Para quem não está familiarizado com a cultura japonesa, essa ideia de “agradecer aos deuses e aos budas” pode parecer curiosa. Para muitos japoneses, fé não significa escolher uma única religião e rejeitar todas as outras. Na mitologia japonesa existem inúmeros deuses, e no budismo há muitos budas e bodisatvas. Os japoneses reverenciam naturalmente todos eles e visitam tanto santuários xintoístas quanto templos budistas conforme a ocasião. Além disso, também nutrem respeito pelas coisas sagradas de outras religiões — seja uma igreja cristã ou uma mesquita islâmica — reconhecendo nelas algo digno de reverência. Essa visão religiosa múltipla e flexível moldou profundamente a atmosfera da virada do ano no Japão.
Antes da forte influência da cultura norte‑americana após a Segunda Guerra Mundial, era comum no Japão a prática do “数え年 KAZOEDOSHI”, em que todos envelheciam um ano não no aniversário, mas na virada do ano. Por isso, a passagem de ano era percebida como um grande marco na vida, quase como um renascimento coletivo. Para explicar de forma simples ao público brasileiro: para os japoneses, a virada do ano não é apenas uma mudança no calendário, mas um momento de “deixar silenciosamente o velho eu e dar o primeiro passo como um novo eu”, como uma respiração profunda que se renova.
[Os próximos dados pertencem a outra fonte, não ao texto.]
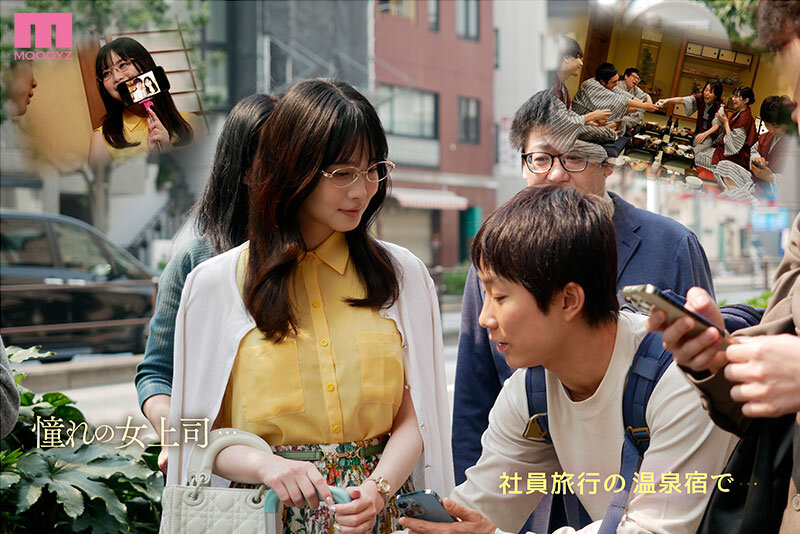 【本編フル】社員旅行の温泉宿で憧れの上司に逆夜●いされ…「中出しは彼女にするんだぞ」しっとりハァハァ囁くセクハラ淫語とぐっちょり密着ベロキスで理性破壊し、肉尻揺らす猛烈ピストン腰振りで浮気痴女られた部下のボク… 白岩冬萌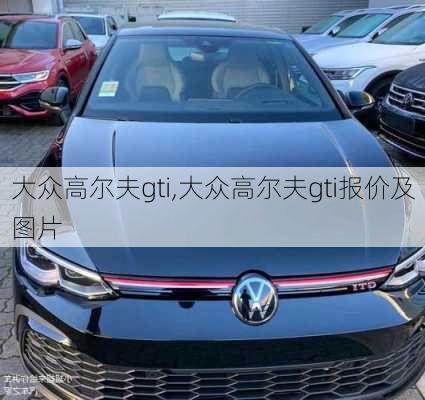 大众高尔夫gti,大众高尔夫gti报价及图片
Na noite de Ano Novo, as emissoras de televisão transmitem ao vivo o toque dos sinos de templos famosos em todo o país. O sino de um templo nas montanhas cobertas de neve, o sino de um antigo templo à beira-mar, o sino de um grande templo no centro urbano — cada som ecoa lentamente pelo céu noturno, penetrando suavemente no coração das pessoas. Mesmo quem não sai de casa para visitar um templo sente, através da televisão, uma onda silenciosa de emoção interior. “O ano está terminando.” “Um novo ano está começando.” Esses sentimentos surgem naturalmente, e o coração se aquieta. Essa mudança interior está muito próxima do espírito do Zen.
No Zen, não apenas momentos especiais são valiosos. “Aqui, agora, neste exato instante” é sempre o campo de prática e o lugar onde o Dharma se manifesta. Ao receber o Ano Novo, endireitamos naturalmente a postura, clareamos a mente e olhamos para dentro de nós.
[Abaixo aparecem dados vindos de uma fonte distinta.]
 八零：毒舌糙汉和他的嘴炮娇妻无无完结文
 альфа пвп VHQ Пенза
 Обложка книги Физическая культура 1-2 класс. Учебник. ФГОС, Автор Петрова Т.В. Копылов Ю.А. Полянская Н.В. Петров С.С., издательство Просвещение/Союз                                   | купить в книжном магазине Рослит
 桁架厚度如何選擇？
A serenidade sentida na virada do ano pode ser cultivada em qualquer dia do ano. O instante em que a luz da manhã entra pela janela, o momento antes do pôr do sol, o impacto silencioso diante da força da natureza, a delicadeza do coração humano, ou simplesmente o ato de inspirar profundamente e expirar devagar — cada um desses momentos é um “pequeno Ano Novo” que nos conduz a um novo eu.
O mestre Dōgen ensinou que o tempo não passa e desaparece; todo o tempo está contido no “eu” que existe agora. O eu que recorda o passado e o eu que imagina o futuro são ambos expressões do eu presente. Se conseguirmos viver cada dia do novo ano com o mesmo frescor de espírito que sentimos na virada do ano, então, quando ouvirmos novamente os sinos da noite de Ano Novo, sentiremos profundamente que vivemos um ano pleno. Isso é a prática viva do ensinamento do Zen Sōtō: “viver o agora, aqui, neste instante”.
Que o novo ano, Reiwa 8/2026, seja para todos vocês um tempo em que cada dia seja um novo começo e cada instante revele o Dharma tal como ele é. Como bons amigos no caminho, continuemos caminhando juntos neste ano que se inicia.